> _WHAT YOU ARE ASKED TO DO_: What are the lines from the one with "Кату: Princess Kamala Beachfront Hotel" through the end of the records below, written out exactly and without the pictures?

· · ·

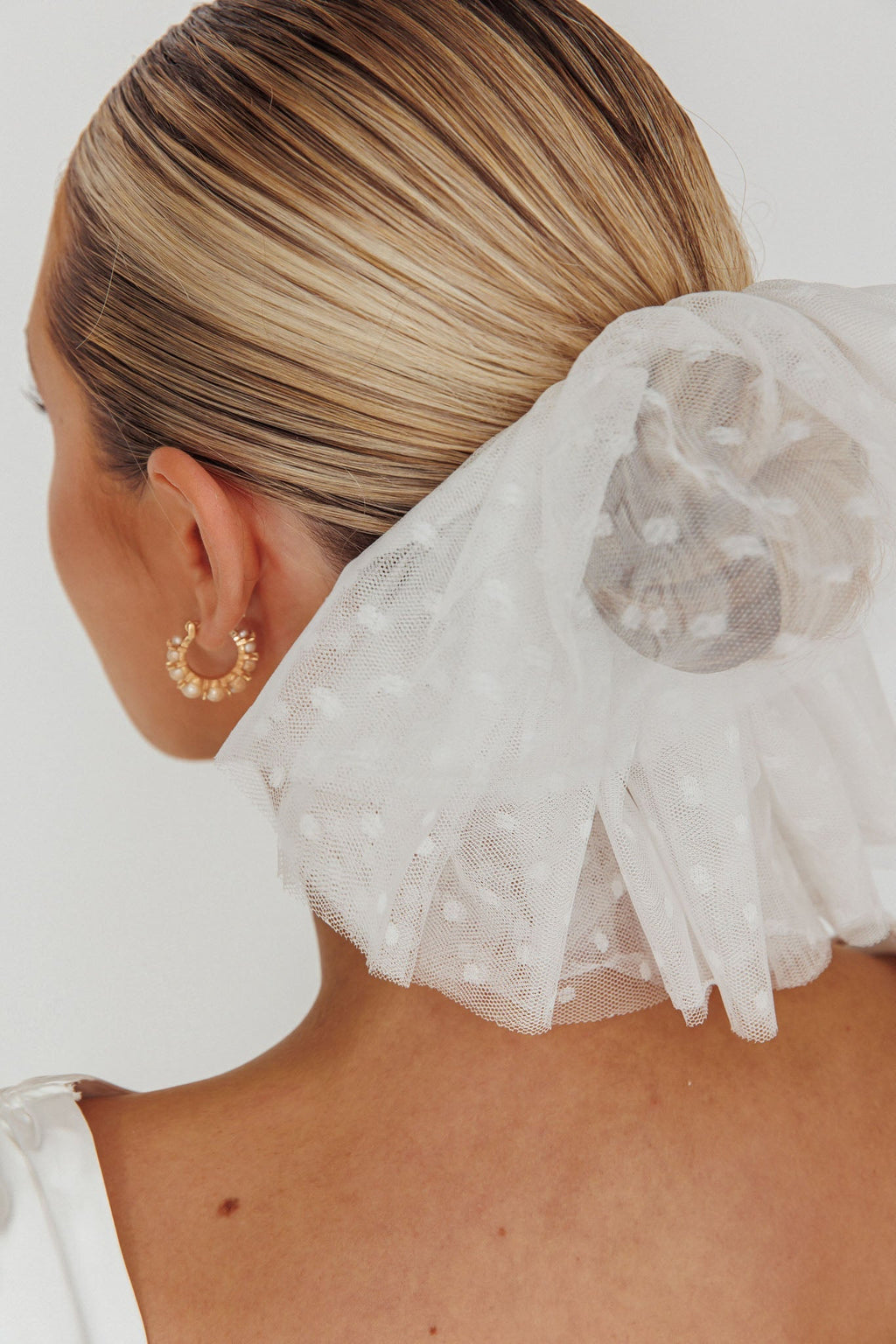 Hoda Lace Scrunchie White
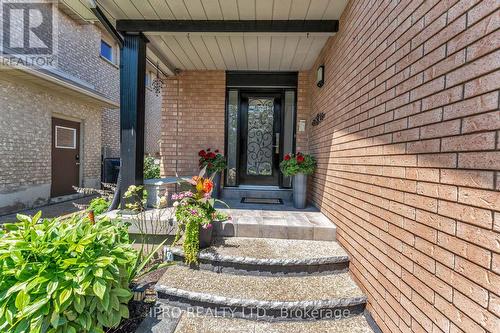 155 Bighorn Crescent, Brampton (Sandringham-Wellington), ON - Outdoor With Exterior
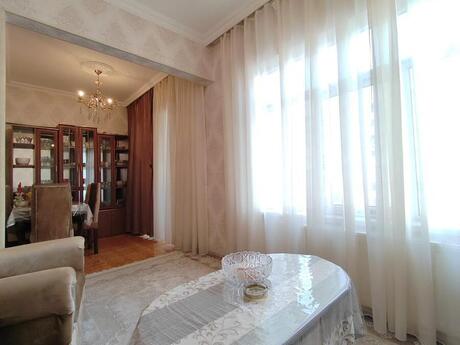 2-комнатная квартира, 45 м², Köhnə Günəşli: 130 000 ₼ 2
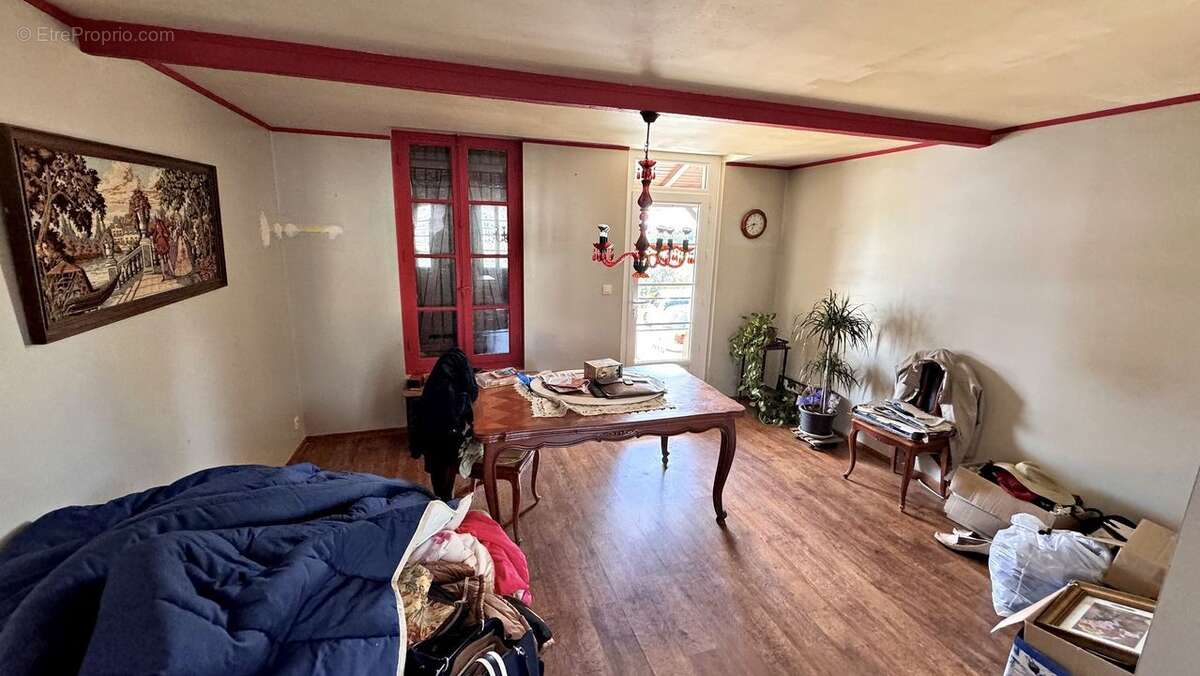 Maison à SAINT-MAGNE-DE-CASTILLON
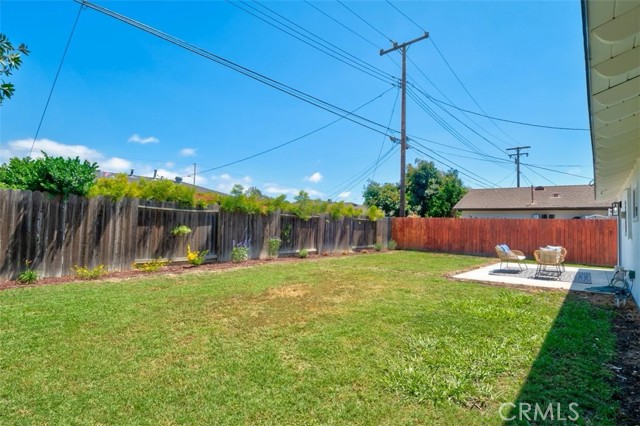 16622 Simonne LN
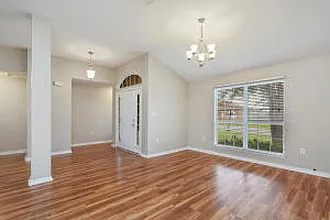 4 bed, 2617 sqft, $2,400 — Photo 3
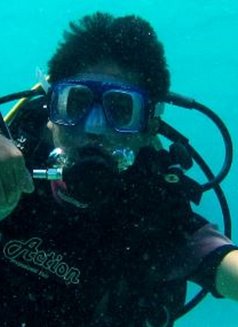 Amit - Male companion in Kolkata Photo 1 of 2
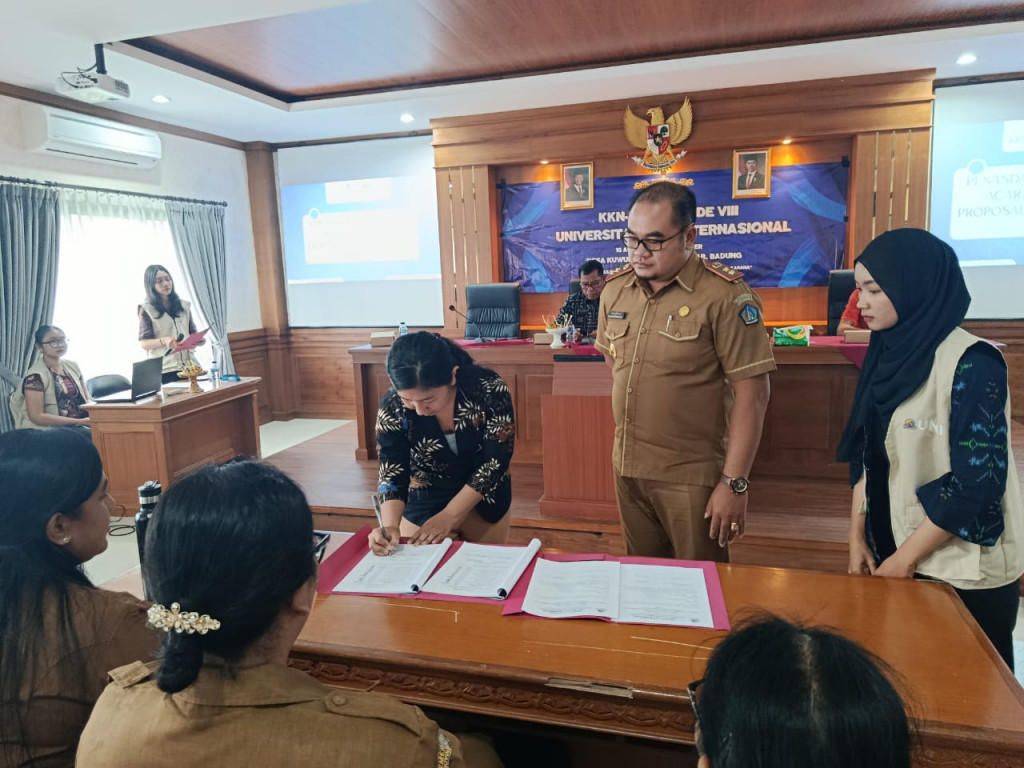 Penerimaan Mahasiswa KKN-PPM Universitas Bali Internasional di Desa Kuwum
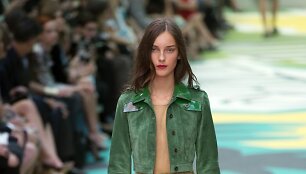 Burberry Prorsum 2015 m. pavasario-vasaros kolekcijos modelis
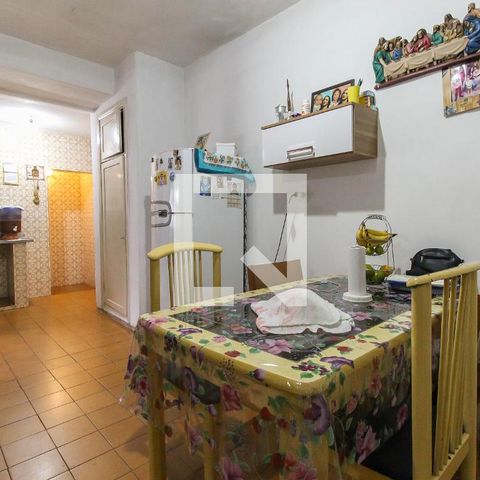 Casa à venda com 110m², 2 quartos e 2 vagas Casa à venda com 110m², 2 quartos e 2 vagasCozinha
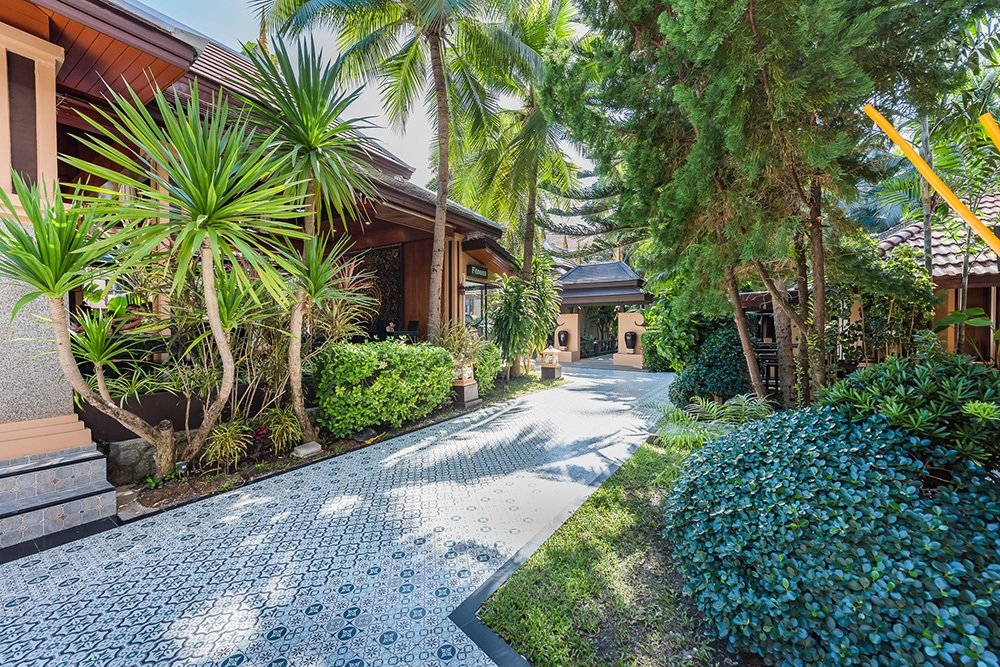 Кату: Princess Kamala Beachfront Hotel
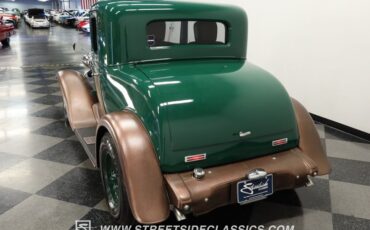 Unknown-Coupe-1931-GreenCopper-Brown-9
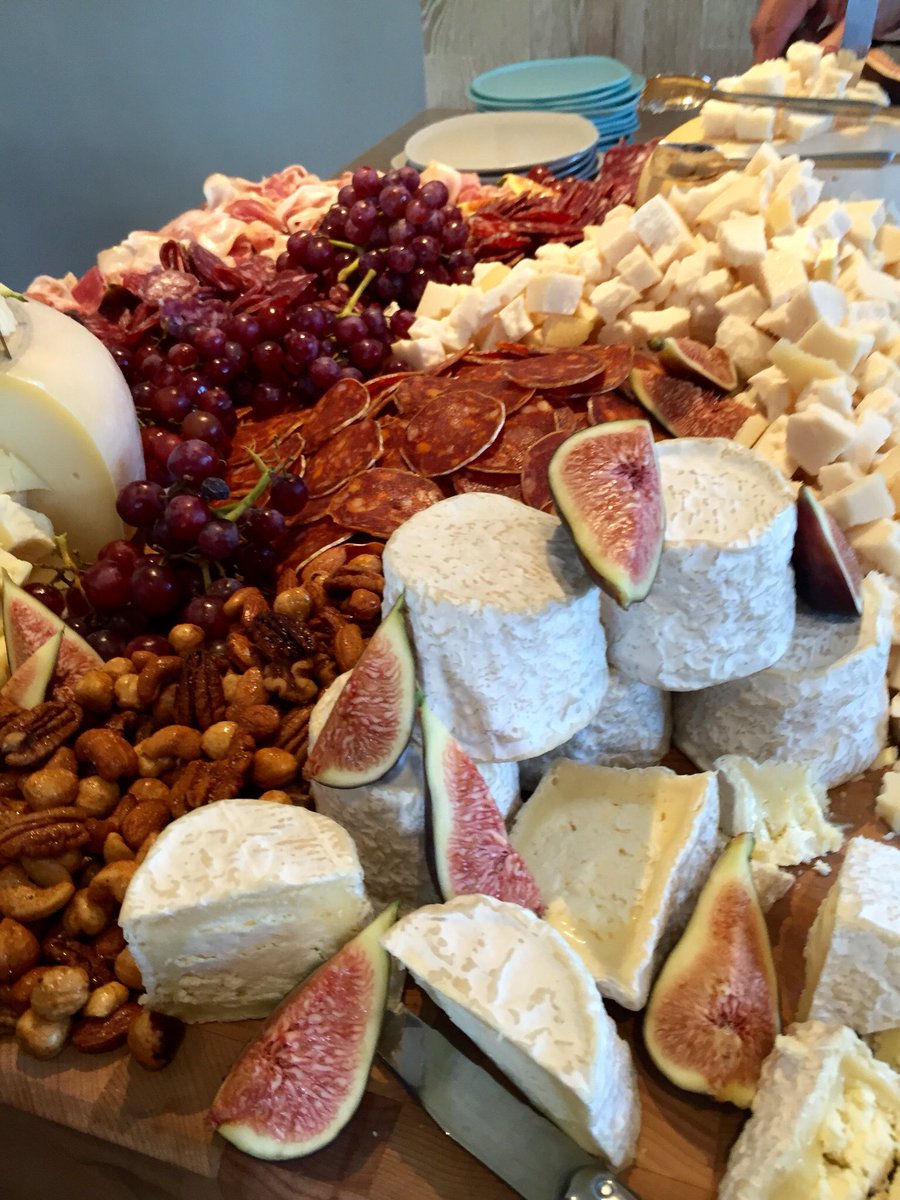 MichellePoveda's tweet photo. Tonight was #pacificstandardkitchen's in @LittleItalySD Grand Opening & their cheeseboard had me like π https://t.co/1t2PbyuxnZ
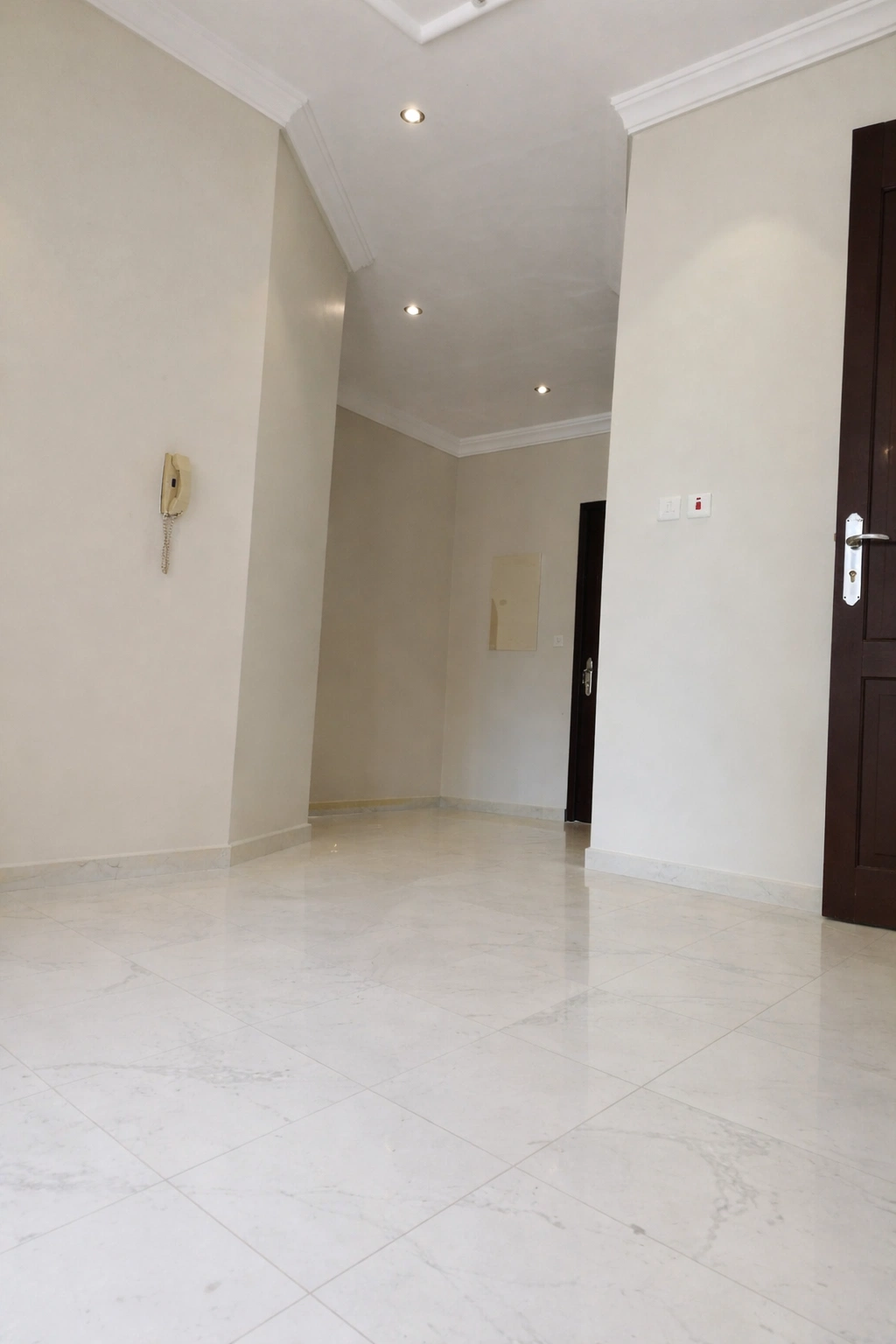 تشطيب دهانات ضمن أسعار صباغ الخبر التقريبية من تنفيذ صباغ الخبر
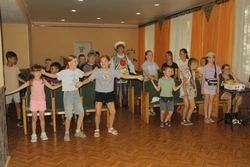 Троицкие ребята приняли участие в игре «ПДД — от А до Я знает вся моя семья»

· · ·

> _ANSWER SPACE_:
 Кату: Princess Kamala Beachfront Hotel
 Unknown-Coupe-1931-GreenCopper-Brown-9
 MichellePoveda's tweet photo. Tonight was #pacificstandardkitchen's in @LittleItalySD Grand Opening & their cheeseboard had me like π https://t.co/1t2PbyuxnZ
 تشطيب دهانات ضمن أسعار صباغ الخبر التقريبية من تنفيذ صباغ الخبر
 Троицкие ребята приняли участие в игре «ПДД — от А до Я знает вся моя семья»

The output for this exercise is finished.